[Excerpts from a dataset]

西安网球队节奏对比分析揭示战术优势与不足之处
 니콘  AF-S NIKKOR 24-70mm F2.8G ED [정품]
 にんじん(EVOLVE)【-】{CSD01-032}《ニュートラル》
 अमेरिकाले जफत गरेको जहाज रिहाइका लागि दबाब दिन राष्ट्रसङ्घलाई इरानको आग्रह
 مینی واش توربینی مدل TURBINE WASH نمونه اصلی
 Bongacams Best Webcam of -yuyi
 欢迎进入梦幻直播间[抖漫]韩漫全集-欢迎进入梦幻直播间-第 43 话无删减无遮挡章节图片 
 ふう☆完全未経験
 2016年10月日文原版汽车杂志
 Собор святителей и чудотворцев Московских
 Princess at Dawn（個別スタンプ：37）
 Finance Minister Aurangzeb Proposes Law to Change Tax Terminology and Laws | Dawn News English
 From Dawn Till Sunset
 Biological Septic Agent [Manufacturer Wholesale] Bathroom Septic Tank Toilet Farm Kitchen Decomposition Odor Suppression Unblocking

[ACTIVITY]:
The response should consist of all the entries, reproduced word for word.

[RESPONSE AREA]:
西安网球队节奏对比分析揭示战术优势与不足之处
 니콘  AF-S NIKKOR 24-70mm F2.8G ED [정품]
 にんじん(EVOLVE)【-】{CSD01-032}《ニュートラル》
 अमेरिकाले जफत गरेको जहाज रिहाइका लागि दबाब दिन राष्ट्रसङ्घलाई इरानको आग्रह
 مینی واش توربینی مدل TURBINE WASH نمونه اصلی
 Bongacams Best Webcam of -yuyi
 欢迎进入梦幻直播间[抖漫]韩漫全集-欢迎进入梦幻直播间-第 43 话无删减无遮挡章节图片 
 ふう☆完全未経験
 2016年10月日文原版汽车杂志
 Собор святителей и чудотворцев Московских
 Princess at Dawn（個別スタンプ：37）
 Finance Minister Aurangzeb Proposes Law to Change Tax Terminology and Laws | Dawn News English
 From Dawn Till Sunset
 Biological Septic Agent [Manufacturer Wholesale] Bathroom Septic Tank Toilet Farm Kitchen Decomposition Odor Suppression Unblocking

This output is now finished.